Ich muss gestehen, dass ich Runemagick bisher nur flüchtig kannte. Das neue Album der Schweden hat mich aber schon nach den ersten Minuten bekehrt: So hat Doom Metal zu klingen! Wer auch nur im Entferntesten etwas mit diesem Stil anzufangen weiss, sollte sich auf diese Veröffentlichung stürzen wie ein Veganer auf den einzigen Blattsalat im Catering. Dass ich die letzten sieben (!) Veröffentlichungen dieser Meister mehr oder weniger ignorierte, werde ich mir wohl lange nicht verzeihen können!

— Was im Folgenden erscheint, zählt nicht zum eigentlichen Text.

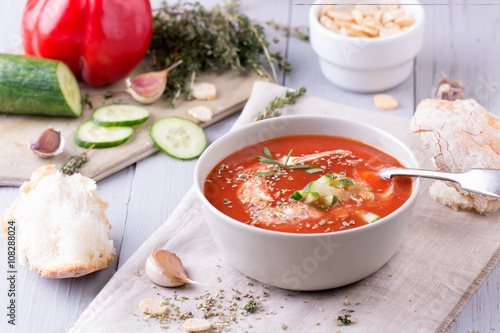 fresh tomato soup in a grey bowl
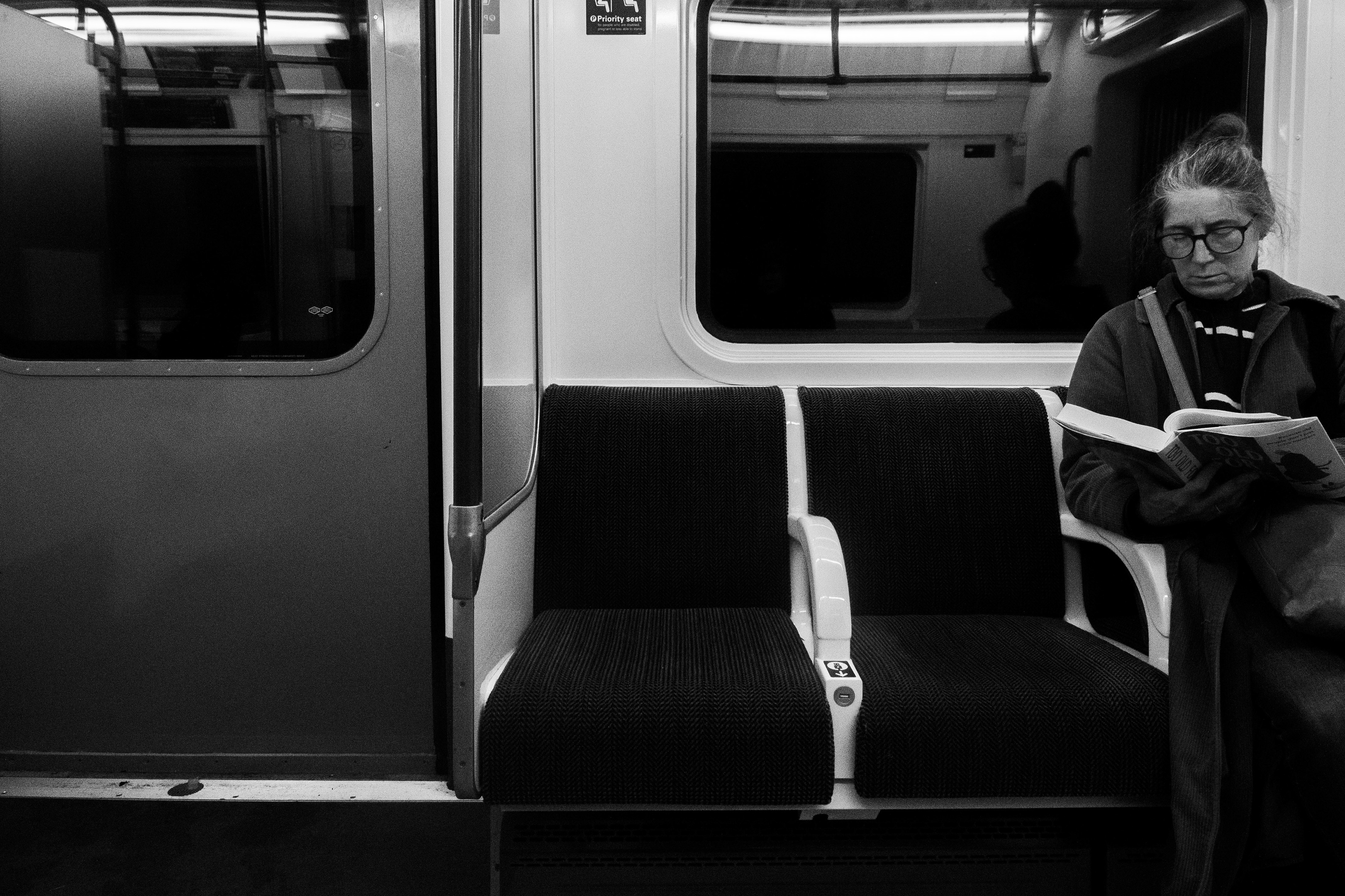 Feb 7, 2026 - A train passenger reads a newspaper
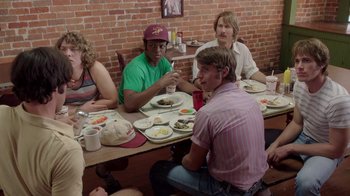 Movie still from “Everybody Wants Some!!” (2016), directed by Richard Linklater – A group of people sitting at a table eating food; Medium shot, Over the shoulder angle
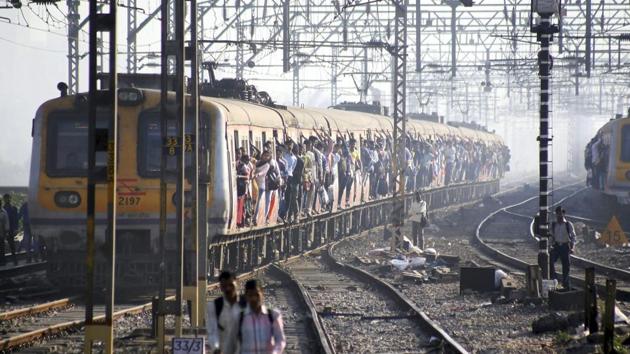A local train arrives at a station in Mumbai. (PTI File Photo) A local train arrives at a station in Mumbai. (PTI File Photo)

Vier der fünf Lieder sind über elf Minuten lang, was den einen oder die andere vielleicht abschrecken mag, aber Runemagick sind definitiv keine Langweiler. Zum nebenbei hören eignet sich "Envenom" natürlich nicht, denn diese Scheibe ist fordernd und schwer zu verdauen! Ich habe in letzter Zeit selten ein Werk mit solch einem Tiefgang erlebt! Noch konsequenter als sämtliche Genrekollegen spielen Runemagick ihren bleischweren "Extreme Doom Metal" so schleppend, dass der Schlagzeuger sich zwischen den Snareschlägen wirklich öfters einen Schluck Bier genehmigen könnte. Da die Gitarren selbstverständlich massiv runtergestimmt sind, wirkt das ohnehin schon sehr düstere Material umso bedrohlicher. Wo My Dying Bride und Konsorten gerne etwas romantisch werden, sind Runemagick einfach abgrundtief dunkel, dabei aber auch schwermütig und erdrückend. Dissonanzen und mehrstimmige Arrangements erschaffen eine unglaublich dichte Atmosphäre. Auf Keys wird gänzlich verzichtet. Dass die extrem zähflüssigen Songs dabei trotz ihrer Überlänge zu keinem Zeitpunkt uninteressant werden, ist eine wirkliche Meisterleistung! Der unheilvolle Death Metal-Gesang wurde relativ sparsam eingesetzt, ist aber über jeden Zweifel erhaben und passt mit seiner sehr finsteren Ausrichtung perfekt ins Geschehen. Ein Gänsehautgarant. Hin und wieder stösst man auch kurz in Midtempo-Gefilde vor und man arbeitet gekonnt mit verschiedenen Verzerrungsgraden, was der Dynamik äusserst dienlich ist. Die Kompositionen sind linear aufgebaut, eindeutige Wiederholungen vernimmt man also selten. Dies ist sicher nicht Jedermanns Sache.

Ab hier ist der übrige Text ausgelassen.